17-year-old Nate Ackermann wasn’t just an outlier on the competition floor, but also in his formula that brought him to the top of the podium.
- No coach: Throughout the year, he follows Mayhem Athlete programming and at the Games, he looked to his mom for guidance.
- “My mom followed me around all Games weekend, she tried to help me strategize,” he said.
- Nutrition: Or lack thereof. Ackermann admits his nutrition “isn’t the best,” and slams a pint of ice cream every day to try and help him put on weight.
- On game-day, he recalls waking up at 2 AM to pound mini-muffins and Snickers in hopes of staying fueled.
- But it worked. Ackermann won the 16-17 Boys division handily.

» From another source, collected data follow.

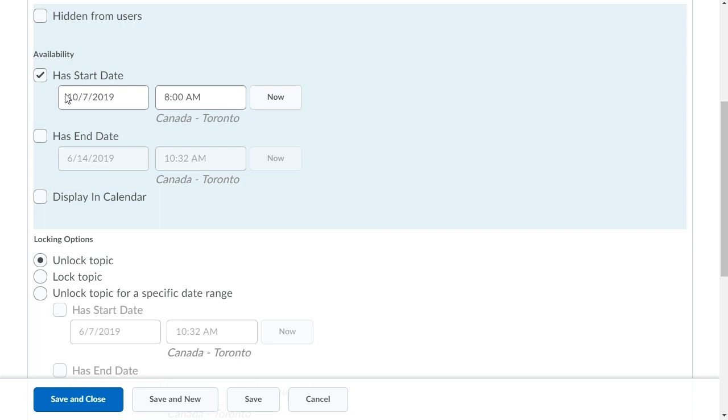Then, click Has End Date and select the end date and time.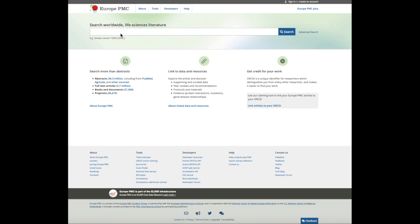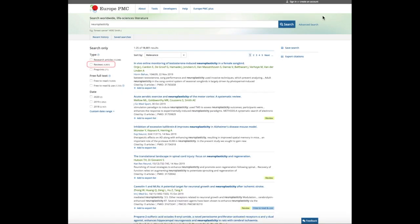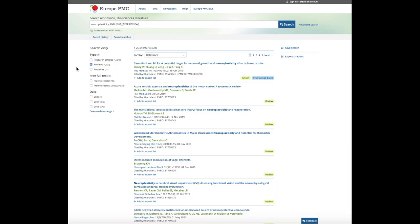Europe PMC allows you to filter your search results to only display review articles that summarise the current research on a particular topic. For example, if you search for neuroplasticity, you can choose reviews as the publication type in the search filter option on the left-hand side of the result list.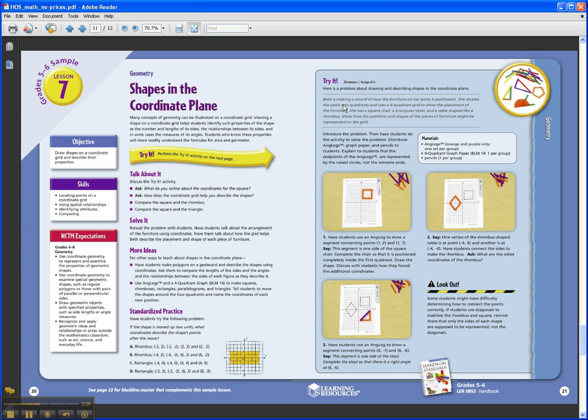Each step in the lesson, or each step in the activity rather, is described: one, two, three. But you also see a photo illustration of exactly what the student should be doing each step of the way.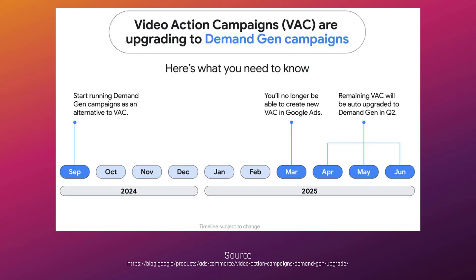The first thing I want to talk about is the transition period — essentially knowing when video action campaigns are really going to go away. And we have some time, but as we know in this industry, time goes by quick, and the change will happen sooner than we realize.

Ackermann only fell out of the top three in one event all weekend – the 4.5 mile run in Event 1 which he calls the “worst event he’s ever done in his entire life” and still finished 7th. Otherwise, Ackermann racked up second and third place finishes in eight of nine events, including long chippers, grindy sprints, gymnastics-heavy triplets, and a max snatch. He ended the weekend on top of the podium with 815 points, 60 points ahead of second place and 130 from third.
While his stand-out performance is likely attributed to his eight hour training sessions, another factor is likely genetics.
- Ackermann’s mother, Julie Ackermann, is a two-time 45-49 Women’s division Games competitor.
- Much of his base athletic background comes from soccer until his mother eventually introduced him to CrossFit.
- He quickly found a knack for the sport, though according to him, he was “forced” by his mother to go.
Success aside, Ackermann acknowledges that his novel approach to competing at the Games could stand some fine-tuning. Ackermann’s experience is reminiscent of simpler times when athletes did not use food scales and blood tests to track carbs. Old CrossFit documentaries reveal Rich Froning and Dan Bailey bolting down milkshakes and burgers between events.
So while his competitors track their macros down to the decimal and have entire teams to help strategize, game the leaderboard, and aid in recovery, Ackermann’s ragtag strategy still propelled him straight to the top of the podium.
Why it matters: It’s a testament to his potential. Only four men have ever made the jump from teenage to individual division, and if Ackermann tightens up his habits and routine, it’s likely he could be added to that elite list. Most, if not the overwhelming majority of elite teen athletes have already adopted a polished, professional lifestyle, but Ackermann left the rest of the field behind with a completely different strategy. Ackermann knows making these changes is the next step to continued success as he heads into the Individual division.
- “I’m already excited to train again,” Ackermann said. “I keep walking around (the Games venue), seeing where we competed and remembering, I just want to get back into it.”